Kita semua tahu, bahwa
dataran yang ada di Negeri Orange ini merupakan perairan yang di keringkan.
Salah satu symbol ikonik dari Belanda, yaitu kincir angin, mempunyai tugas
untuk memompa air dari polder yang kemudian di alirkan ke sungai. Belanda
memang tak pernah henti di dalam memahami alam. Keterbatasan wilayah, dan letak
tanah di bawah permukaan laut justru menjadi pendorong terciptanya inovasi
paling mutakhir yang berasal dari negeri ini. Saking terkenalnya kehebatan
Belanda dalam bidang ini, sampai-sampai muncullah pepatah God schiep de
Aarde, maar Nederlanders schiepen Nederland—‘Tuhan memang menciptakan bumi,
tetapi orang Belanda sanggup menciptakan daratan’.
Salah satu teknik
perluasan wilayah Belanda adalah dengan menggunakan metode Zand Motor,
ataulebih dikenal sebagai Sand Engine. Metode yang telah dipraktikkan di Sungai
Ter Heijde di tahun 2011 ini merupakan inovasi untuk melindungi wilayah di
pesisir. Strategi yang digunakan pun merujuk pada pengerukan pasir besar-besaran
dilepas pantai untuk menciptakan semenanjung pasir yang baru di sekitar
pesisir. Awalnya, semenanjung baru itu dibuat
menyerupai kait. Selanjutnya, tugas manusia adalah menunggu sembari
memantau perkembangan dari semenanjung ini. Biarkan angin, ombak dan arus air
yang berjibaku mengokohkan proyek senilai 70 juta euro ini. Karena mereka
jugalah, proyek Zand Motor ini di anggap sebagai proyek ramah lingkungan dengan
sebutan “Building with Nature”. Lalu, secara periodik—semenanjung berbentuk
kait tadi akan bergeser hingga terciptalah pesisir yang kuat dan sempurna.

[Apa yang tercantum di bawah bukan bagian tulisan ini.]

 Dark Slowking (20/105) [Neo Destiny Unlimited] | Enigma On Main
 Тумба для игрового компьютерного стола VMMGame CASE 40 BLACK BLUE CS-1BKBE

Faktanya, negeri Kikkerland ini juga ahli di dalam pembuatan
pulau. Sebut saja Pulau Tulip, Pulau Solar Almere dan Noordereiland yang
terletak berpisah dari Kota Rotterdam.
Rencana pembuatan Pulau
Tulip garapan Van Oord itu bukannya tanpa sebab, melainkan karena beberapa
pertimbangan di antaranya: untuk
membentengi wilayah garis pantai utara dari arus pasang laut, mengatasi kepadatan penduduk serta
sebagai lahan pertanian dan suaka margasatwa.
Sedangkan Pulau Solar Almere,
merupakan pulau yang dikhususkan sebagai lahan untuk pemanenan listrik dari sel
surya. Dari waktu ke waktu, Belanda memang sangat memukau di kancah
Internasional sebagai peringkat
ke-4 dalam aplikasi paten untuk energy sel surya. Dan Pulau Solar Almere inilah
bukti nyata dari kemajuan tersebut
Lalu ada Noordereiland, sebuah pulau buatan kecil padat penduduk yang berlokasi
di tengah Sungai Nieuwe Maas. Untuk mencapai pulau yang dibangun tahun 1800-an
tersebut, pengunjung cuma bisa melewati dua jembatan yaitu Willemsbrug atau
Koninginnebrug.
Selain Belanda dengan pulau-pulaunya, ada pula sebuah teknologi pembuat
trotoar yang super praktis yang terlahir dari Belanda, Tiger Sone. Jika umumnya
pembuatan trotoar itu memerlukan pekerja dengan jumlah banyak, serta memakan
waktu berhari-hari—maka berbeda dengan Tiger Stone. Nah, untuk mengatasi
kerumitan yang ada pada pembuatan trotoar, perusahaan Vanku BV Belanda
menciptakan penemuan spektakuler untuk mengurangi beban pekerja bahkan hingga
80%! Selain praktis, yang menjadikannya menarik adalah bahwa motorik mesin ini
digerakkan oleh listrik. Sehingga Tiger Stone menawarkan ketenangan dan
tentunya ramah lingkungan. Meski di anggap revolusioner, namun mesin ini tetap
membutuhkan 3 hingga 4 orang untuk memasukkan batu-bata ke dalam mesin. Dalam
sehari, ia dapat menciptakan jalur trotoar seluas 300 meter persegi! Wah, jauh
sekali perbedaannya dengan praktik manual kan?